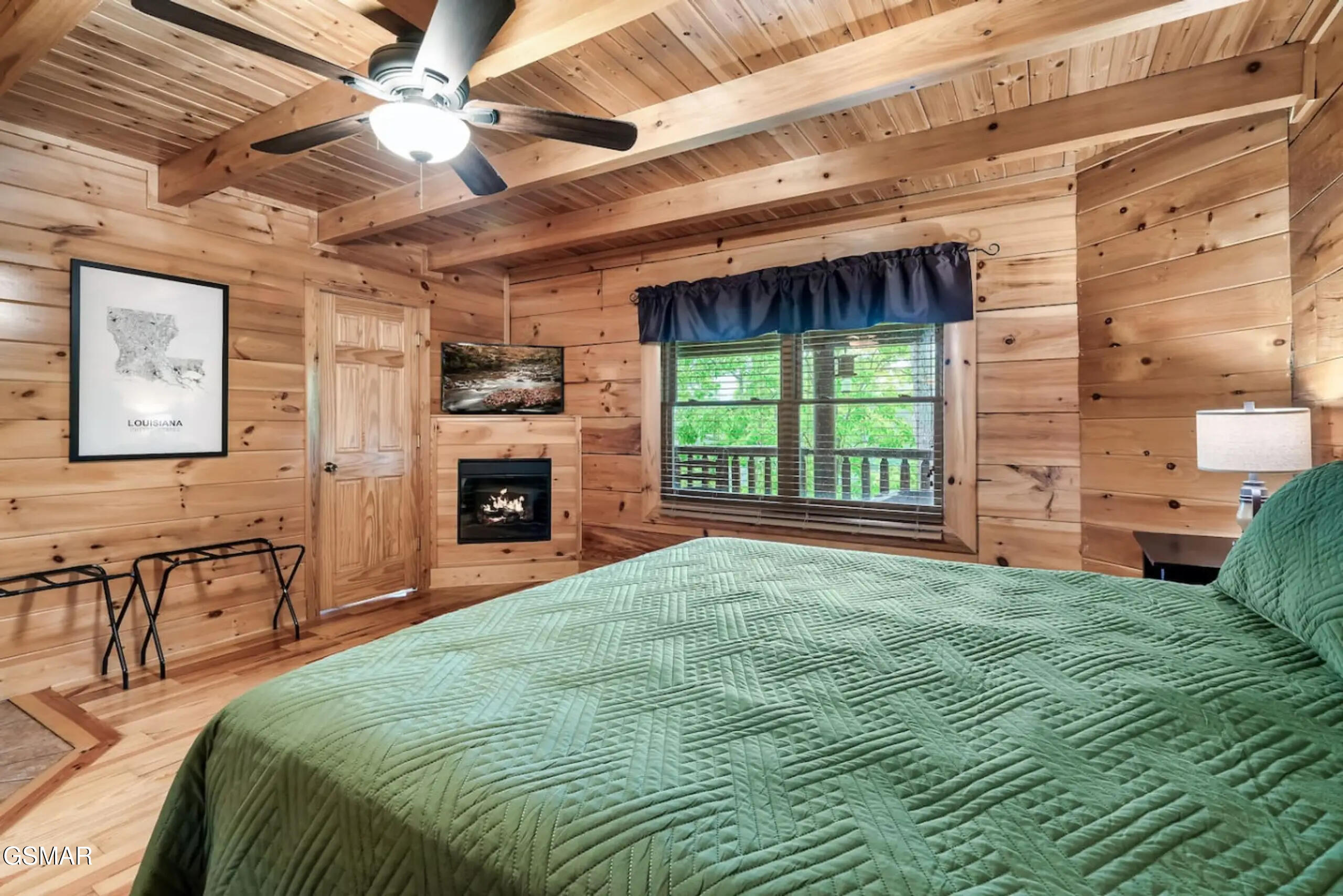 1932 Cougar Crossing Way Sevierville TN 37862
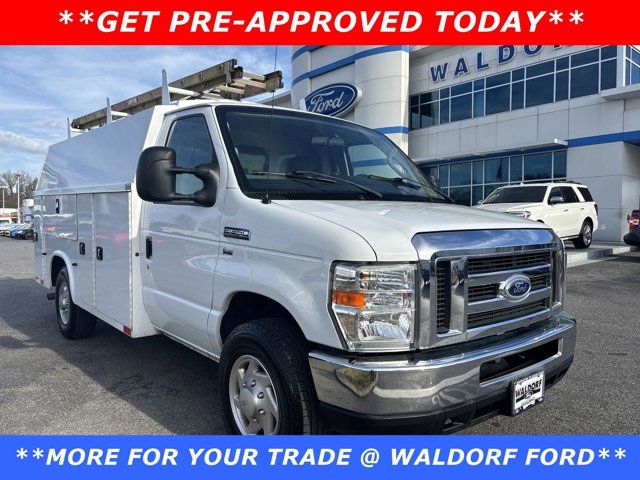 2016 Ford Econoline Base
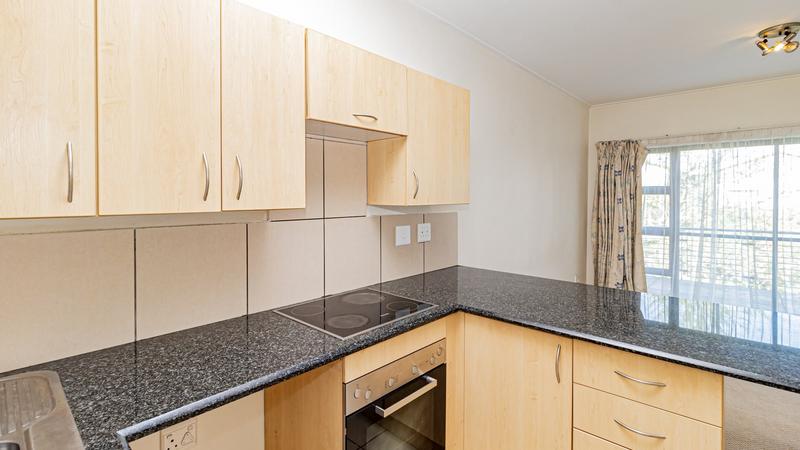 1 Bedroom Property for Sale in Jackal Creek Golf Estate Gauteng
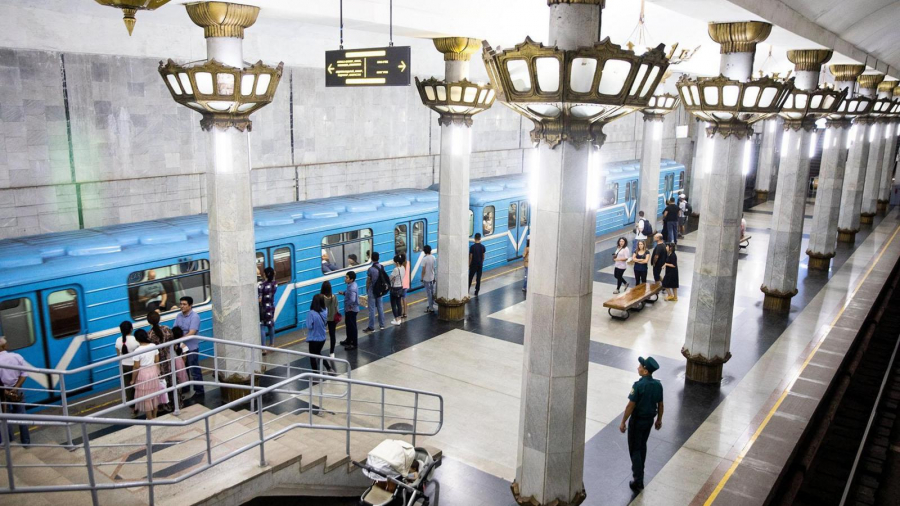 Hệ thống tàu điện ngầm của Tashkent được Lonely Planet mô tả là một trong những hệ thống metro Xô-viết đẹp nhất thế giới
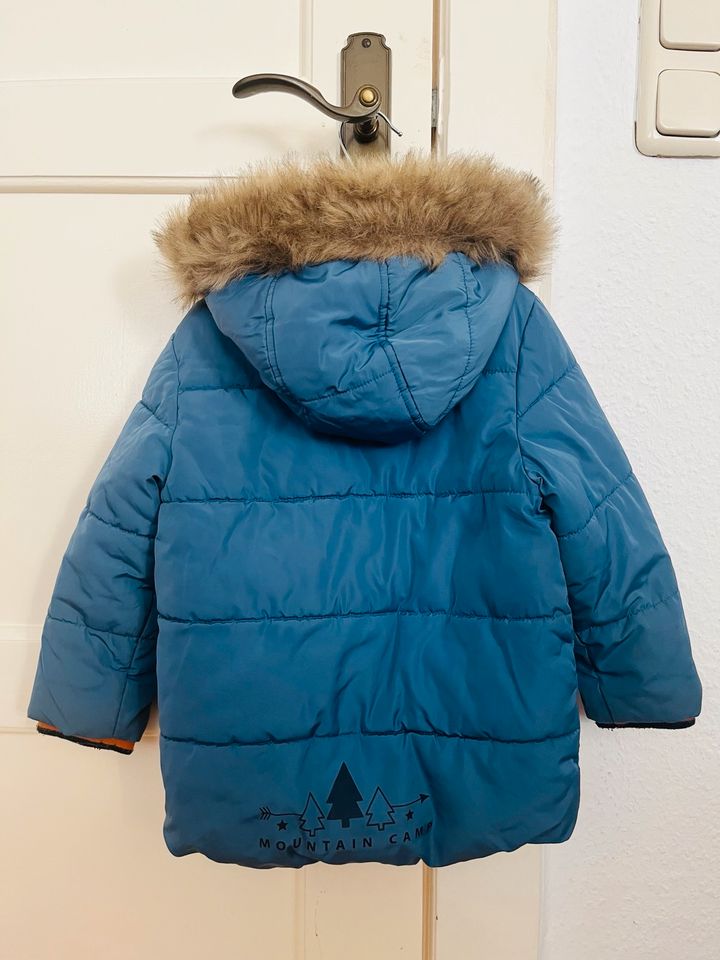 Winterjacke Kinder, Gr. 98 in Berlin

------------------------

What you should do -
The copy must begin with the line containing "Hệ thống tàu", end with the last line of the material, match each line exactly, and hold no pictures.

Finished exercise -
 Hệ thống tàu điện ngầm của Tashkent được Lonely Planet mô tả là một trong những hệ thống metro Xô-viết đẹp nhất thế giới
 Winterjacke Kinder, Gr. 98 in Berlin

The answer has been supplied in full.